With SFX units becoming more and more popular with each passing generation, it is only fair that we should include them into this year’s PSU buyer guide. There are still but a few reputable contenders in the SFX market, yet there is healthy competition, with several advanced units becoming available in recent years.
EVGA SuperNOVA 450 GM ($80)
Corsair SF450 Platinum ($115)
This power range should reflect the needs of most users building standard SFX-based entertainment systems. 350-450 Watts are more than enough for an efficient system, even if it has a mainstream range graphics card installed.
In this power range, we are going to recommend the same SFX unit that we recommended to ATX system builders as well – the EVGA 450 GM. With its $80 price tag, it is the most reasonable choice in this power range, especially considering its good 80Plus Gold certification, whereas nearly all similarly priced SFX units come with an 80Plus Bronze certification. Efficiency matters a lot in the confined proportions of SFX units, therefore the EVGA 450 GM lands well ahead of its competition.

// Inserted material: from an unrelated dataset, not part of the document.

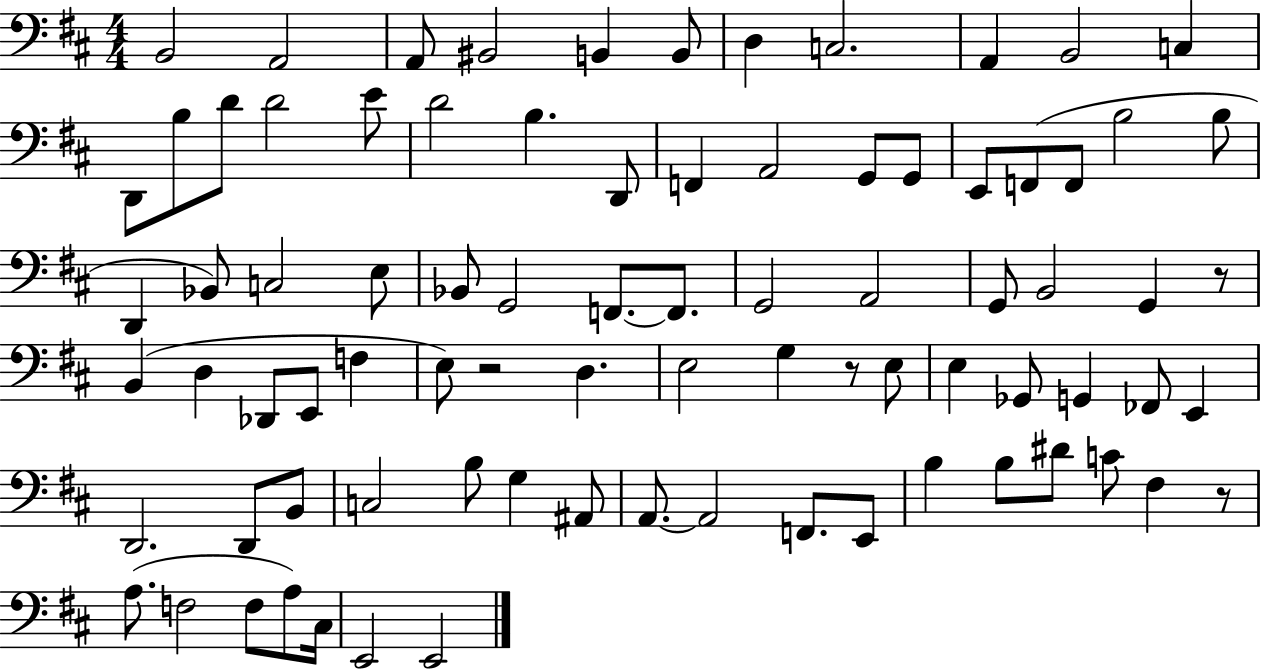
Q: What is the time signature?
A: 4/4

Corsair made a very strong entrance into the SFX market with the SF series a couple of years ago. The latest version of the SF450 boasts 80 Plus Platinum efficiency certification, modular design, good power quality, and reasonable price tag are giving the competition a hard time. The SF450 is probably one of the best choices for a 450W SFX PSU when weighing its reliability and performance against its passable $115 price, which also is $10 lower than last year.

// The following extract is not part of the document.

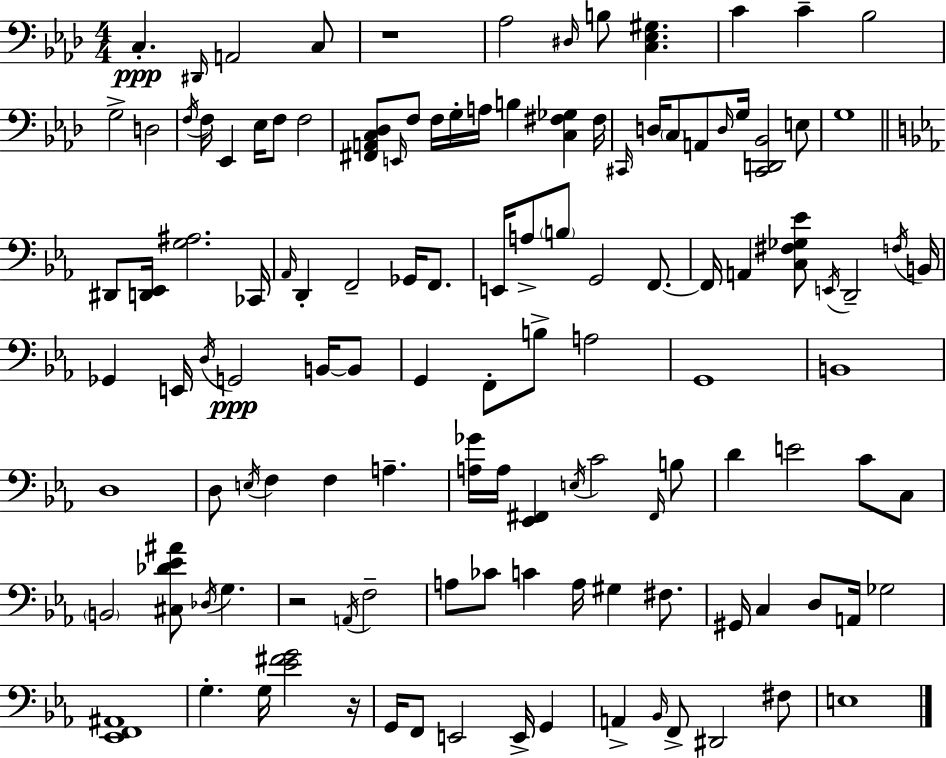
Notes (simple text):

C3/q. D#2/s A2/h C3/e R/w Ab3/h D#3/s B3/e [C3,Eb3,G#3]/q. C4/q C4/q Bb3/h G3/h D3/h F3/s F3/s Eb2/q Eb3/s F3/e F3/h [F#2,A2,C3,Db3]/e E2/s F3/e F3/s G3/s A3/s B3/q [C3,F#3,Gb3]/q F#3/s C#2/s D3/s C3/e A2/e D3/s G3/s [C#2,D2,Bb2]/h E3/e G3/w D#2/e [D2,Eb2]/s [G3,A#3]/h. CES2/s Ab2/s D2/q F2/h Gb2/s F2/e. E2/s A3/e B3/e G2/h F2/e. F2/s A2/q [C3,F#3,Gb3,Eb4]/e E2/s D2/h F3/s B2/s Gb2/q E2/s D3/s G2/h B2/s B2/e G2/q F2/e B3/e A3/h G2/w B2/w D3/w D3/e E3/s F3/q F3/q A3/q. [A3,Gb4]/s A3/s [Eb2,F#2]/q E3/s C4/h F#2/s B3/e D4/q E4/h C4/e C3/e B2/h [C#3,Db4,Eb4,A#4]/e Db3/s G3/q. R/h A2/s F3/h A3/e CES4/e C4/q A3/s G#3/q F#3/e. G#2/s C3/q D3/e A2/s Gb3/h [Eb2,F2,A#2]/w G3/q. G3/s [Eb4,F#4,G4]/h R/s G2/s F2/e E2/h E2/s G2/q A2/q Bb2/s F2/e D#2/h F#3/e E3/w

Seasonic Focus SGX-650 ($130)
SilverStone SX800-LTI ($220)
SFX units over 450 Watts are usually reserved for those that want to build powerful-yet-compact living room gaming machines with at least one high-end graphics card installed. The more powerful SFX PSUs can handle even the most power-hungry video card these days, making the build of such gaming machines an expensive but possible endeavor.
Alas, there are no cheap options when one wants a powerful SFX PSU. The least expensive PSU that we would recommend to users that expect to power a higher-end graphics card with it is the SeaSonic Focus SGX-650. SeaSonic is a manufacturer that no one dares question the competence and quality of their products, and the retail price tag of $130 is reasonable considering where the competition stands.
SilverStone is a traditional and major player in the SFX market. After all, the company is strongly focused on the design and marketing of SFX cases, so it is only reasonable that they would spend a lot of R&D on SFX PSUs as well. SilverStone offers a lot of SFX units, ranging from very basic products to the monstrous SX800-LTI 800W PSU. With an 80Plus Titanium certification and performance figures that put most ATX units to shame, the SX800-LTI undoubtedly is one of the best and most powerful SFX units in existence. The retail price is hefty, at $220, but we strongly recommend it to users seeking to build multi-GPU gaming setups.